My Editorial Philosophy
by Sulay Hernandez
I am passionate about books. You have to be if you decide on a career in publishing. We're not here for the often joked about low salaries. Our story is the same across the board: We come to publishing with a love of reading, a love of stories and their power to change people's minds and, through this, (hopefully) the world. People in the industry are idealists. But our idealist hearts eventually beat up against the reality that publishing is a business, and then we have to learn to live in the intersection of art and commerce. Like everything else in life, that intersection can sometimes be unpretty and other times it’s absolutely beautiful.

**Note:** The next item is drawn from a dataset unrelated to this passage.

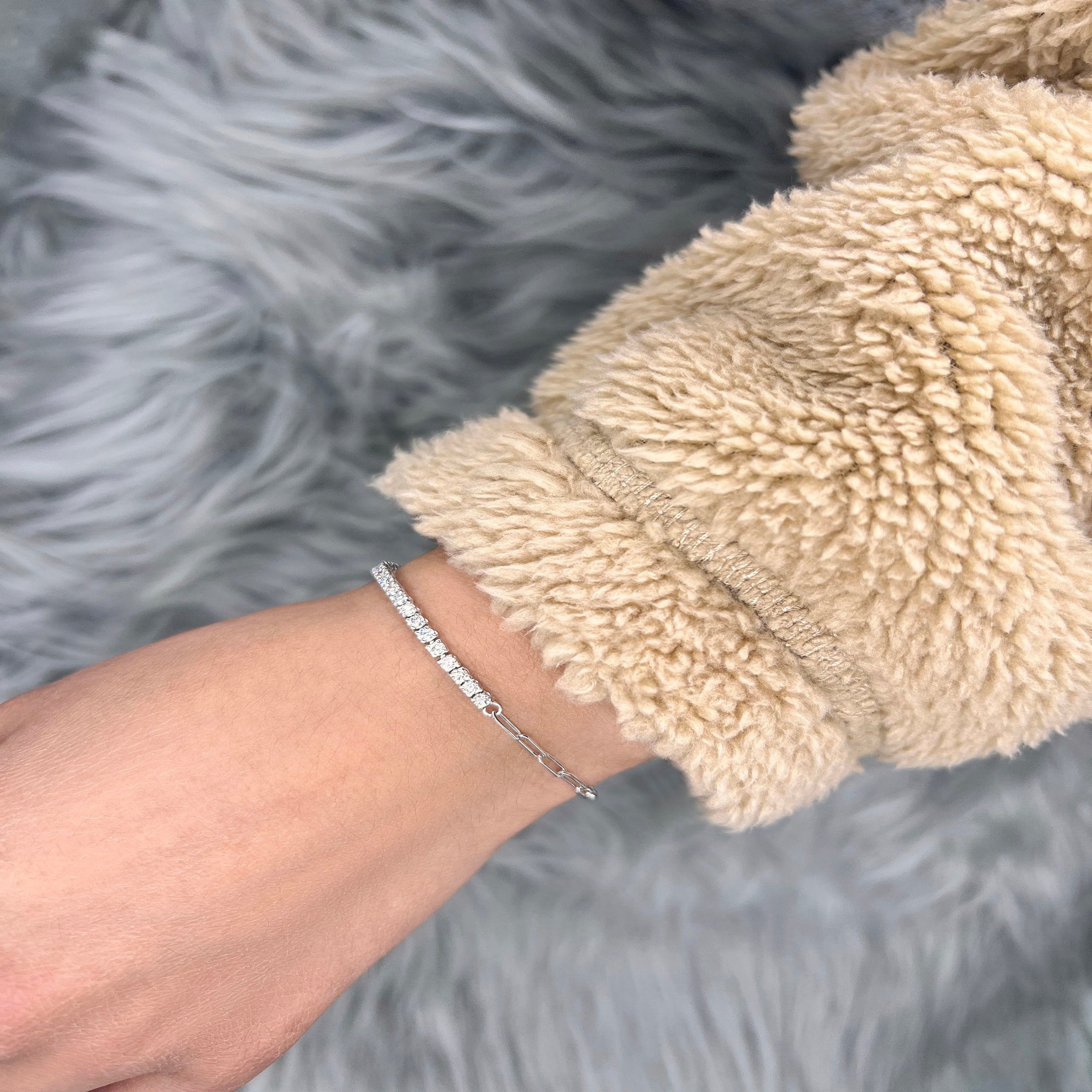 4-prong Half-way Diamond Tennis Bracelet, natural diamonds, 14K gold, view 9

I spent twelve years in that place and have seen publishing take many twists and turns.
When I was an editorial assistant at Kensington, one the best bosses I've ever had, the late Kate Duffy, Editorial Director of the Brava imprint, described, somewhat jokingly, an editor's role as the following: "The editor represents the needs of the company to an author, and the author's needs to the company, while lying to each about the good intentions of the other." Kate told me there were two ways of going about the job. You're either a company's editor or a writer's editor, and God help you if you're a writer's editor. Editors love their books and strive to keep the peace, but the fact that we are salaried employees is never far from our thoughts. She already knew that I would be a writer's editor.

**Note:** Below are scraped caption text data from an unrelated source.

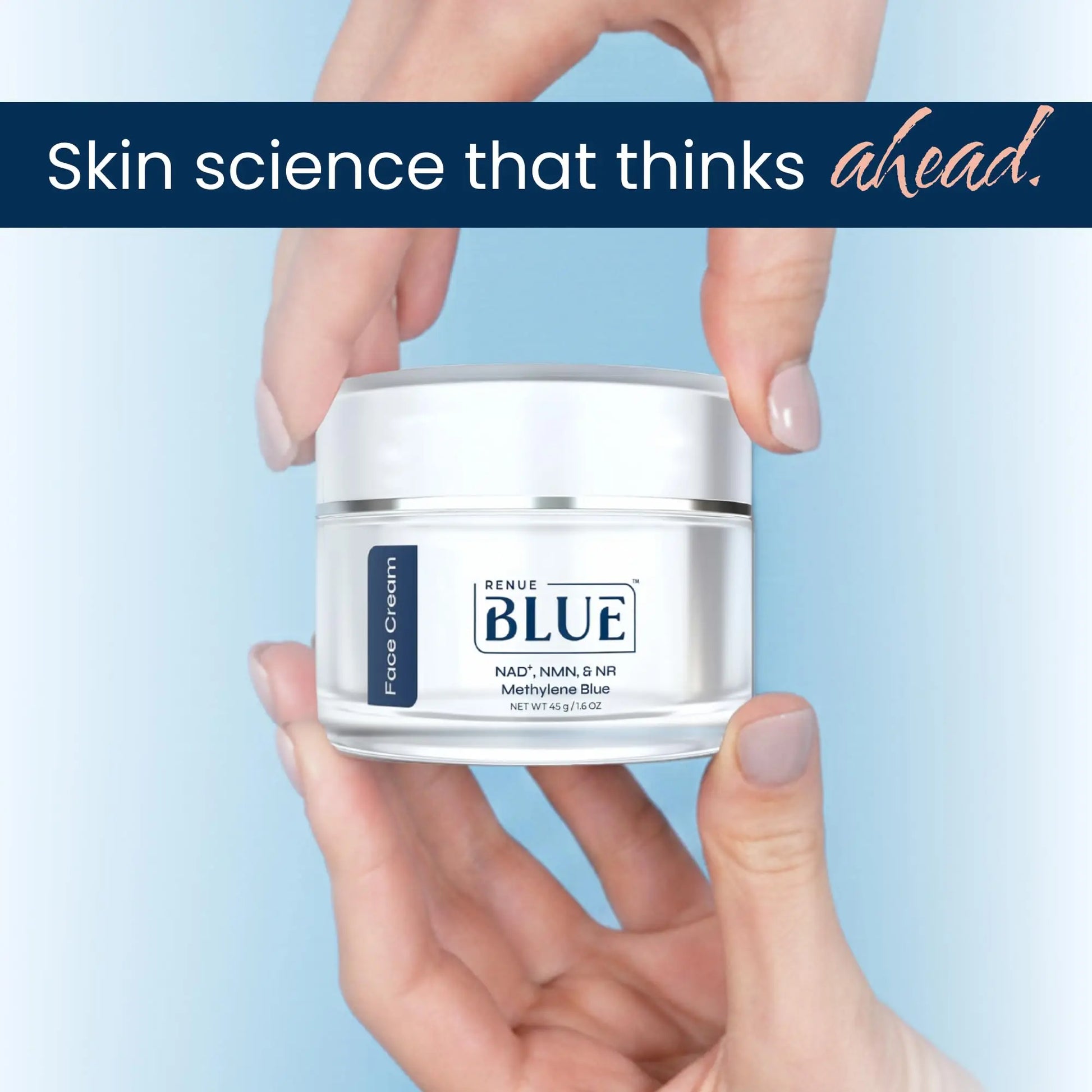 Renue Blue Methylene Blue Face Cream - Liposomal NAD+ Complex and Nutrients for Skin Rejuvenation, Deep Hydration, and Anti-Aging Support Renue By Science Au supplements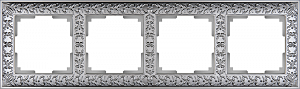 WL07-Frame-04/ Рамка на 4 поста (матовый хром)
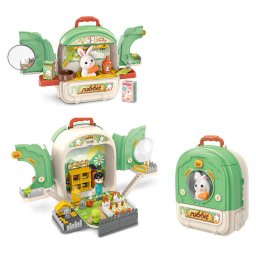 Jucarie 3 in 1 Set ghiozdan Rovo 999-2, Iepuras, Fermier, Accesorii incluse, 3 ani+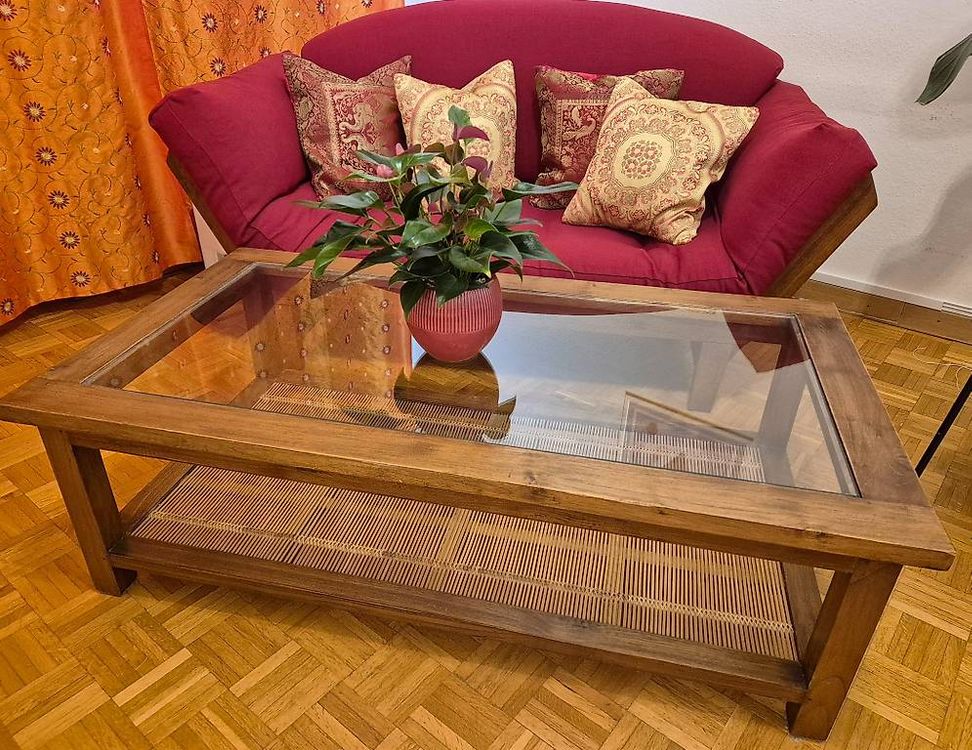 Tavolo basso - Coloniale - legno massiccio e vetro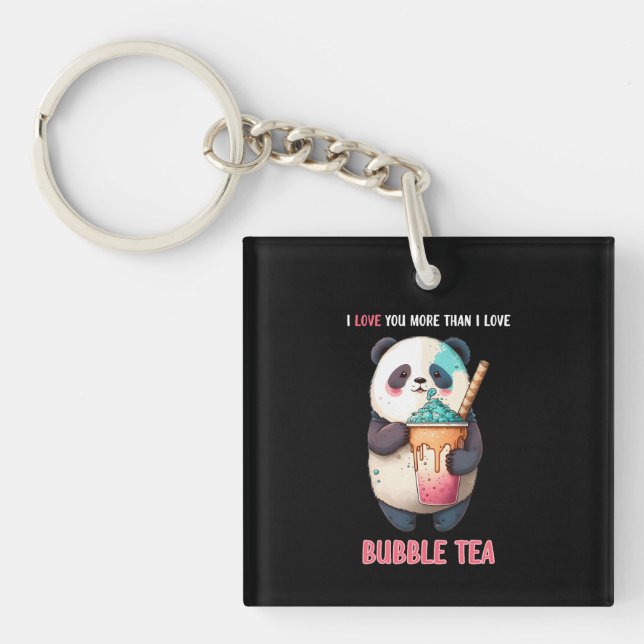Porte-clefs Je t'aime plus que bulle thé boba kawaii panda (Devant)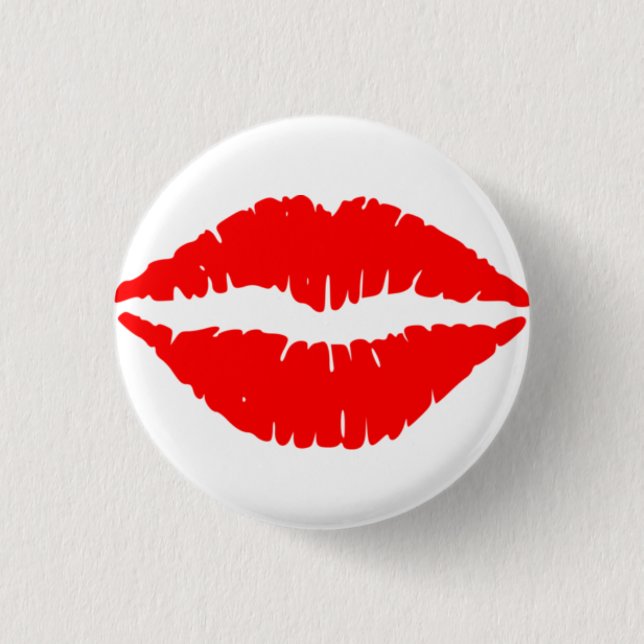 Kiss badge small 1 inch round button (Front)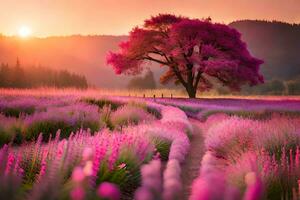 a tree stands in a field of lavender flowers at sunset. AI-Generated photo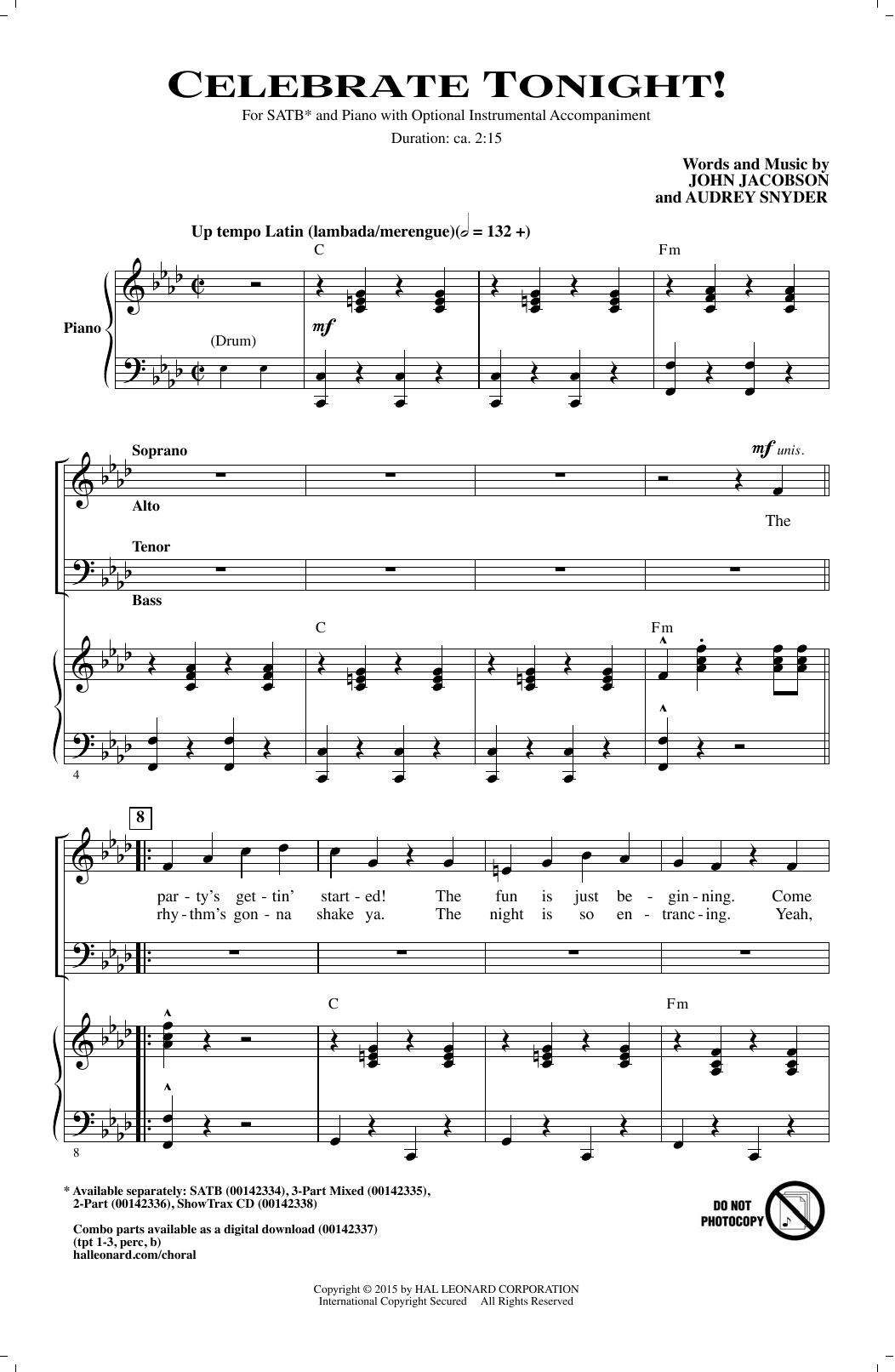 Download John Jacobson Celebrate Tonight! Sheet Music and learn how to play 3-Part Mixed PDF digital score in minutes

This leads me to why I became an editor in the first place. My parents came to New York from the Dominican Republic many years ago, and I am a born and bred New Yorker. I learned Spanish first and spoke it exclusively at home and learned English in school. In the conclave of Washington Heights, my parents never really learned to speak English, and in many ways I became their eyes, ears, and mouths. I translated everything for them. As editors, we are responsible for helping writers say what they really need and want to say. We help authors translate their thoughts for the reading world and we do this by respectfully prodding and questioning, with the understanding that we are temporarily inhabiting someone else's world. And even though I have an emotional connection to a story, I do my best to remain objective in my comments. My job is to help refine the writer's voice, to help the writer clearly and effectively express his or her ideas. The relationship between an editor and a writer cannot be described as purely professional. How could it be? It starts off with our falling in love with a manuscript and knowing we can make it even better. As many authors will attest, their editors often become their friends, staying in touch long after the books are finished.
After more than fifteen years working for publishers, I created Unveiled Ink because I'd rather work for the writer. My simple truth is that helping people say what they need to say makes me happy. So whether your goal is to be published by a company or to self-publish, I can promise I will do for you what I've been doing for a long time--I will help you tell your story.